Supplied records:
------------------------------------------------------------------------

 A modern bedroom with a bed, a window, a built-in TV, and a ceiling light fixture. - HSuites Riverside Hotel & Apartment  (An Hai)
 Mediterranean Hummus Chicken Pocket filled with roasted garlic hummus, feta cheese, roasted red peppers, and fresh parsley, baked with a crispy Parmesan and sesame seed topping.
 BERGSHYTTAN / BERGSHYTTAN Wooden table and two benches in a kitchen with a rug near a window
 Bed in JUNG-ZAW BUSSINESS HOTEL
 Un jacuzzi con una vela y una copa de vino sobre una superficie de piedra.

------------------------------------------------------------------------

Exercise instructions: Your reply should be an exact copy of every line from the line with "Bed in JUNG-ZAW BUSSINESS HOTEL" through the final line of the data, and nothing more.

Output for this exercise:
 Bed in JUNG-ZAW BUSSINESS HOTEL
 Un jacuzzi con una vela y una copa de vino sobre una superficie de piedra.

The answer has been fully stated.